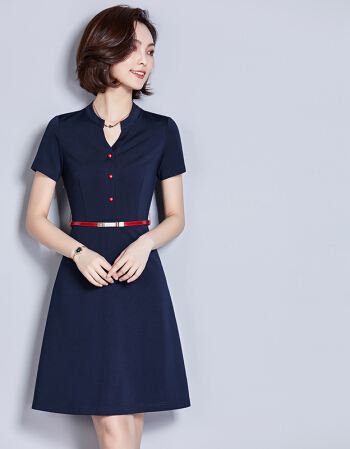 女士草莓视频网址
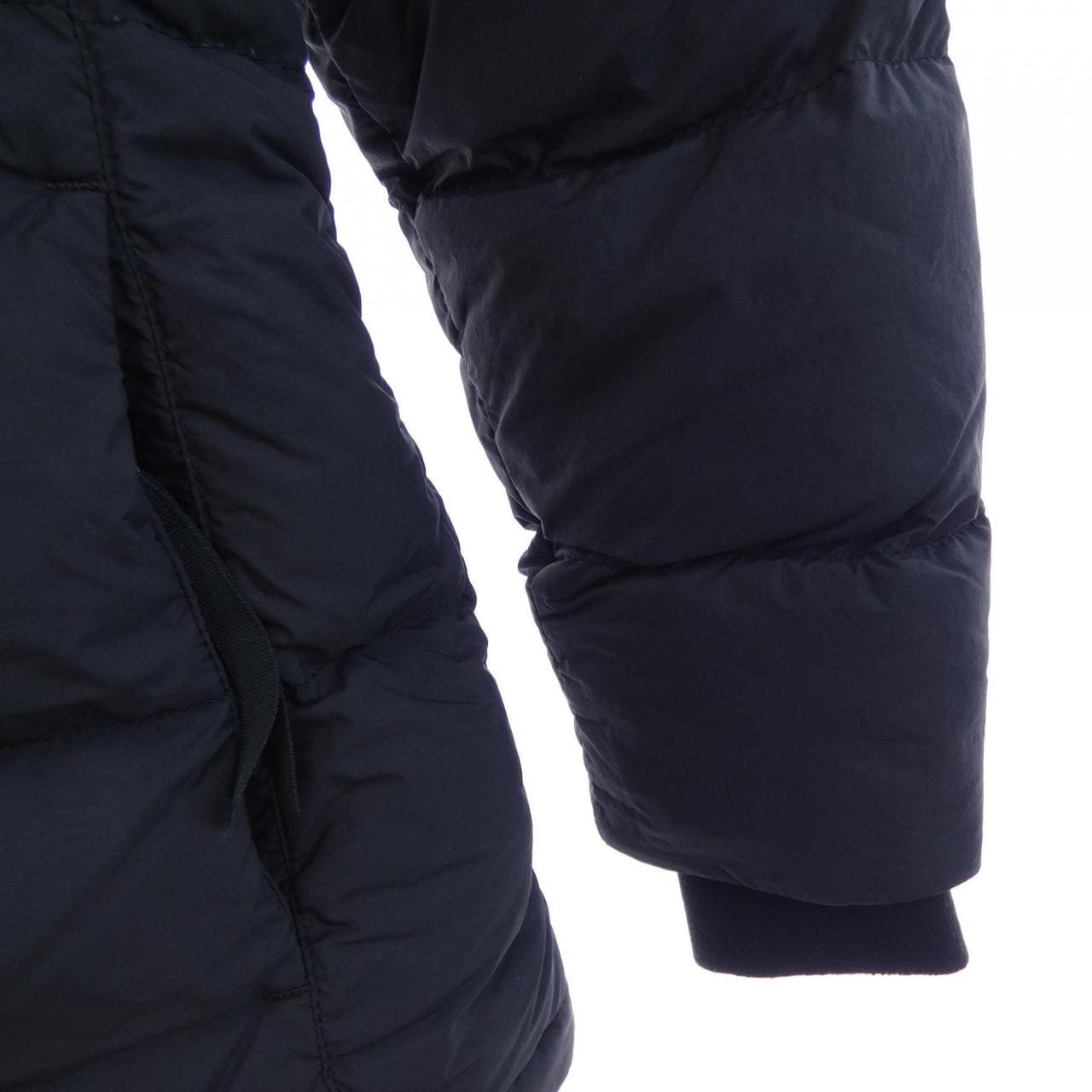 カナダグース CANADA GOOSE CHELSEA PARKA JAPAN EXCLUSIVE 1071WJB ダウンジャケット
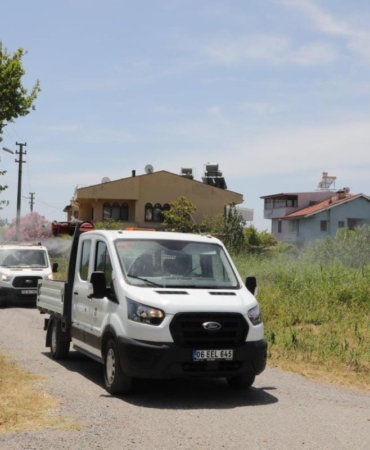 499143098_10016566908393685_4192011140666967546_n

* **THE TASK**: Transcribe exactly, and only, the lines from the one with "カナダグース CANADA GOOSE" through the final line of the data above. The pictures stay out.

* **TASK RESULT**:
 カナダグース CANADA GOOSE CHELSEA PARKA JAPAN EXCLUSIVE 1071WJB ダウンジャケット
 499143098_10016566908393685_4192011140666967546_n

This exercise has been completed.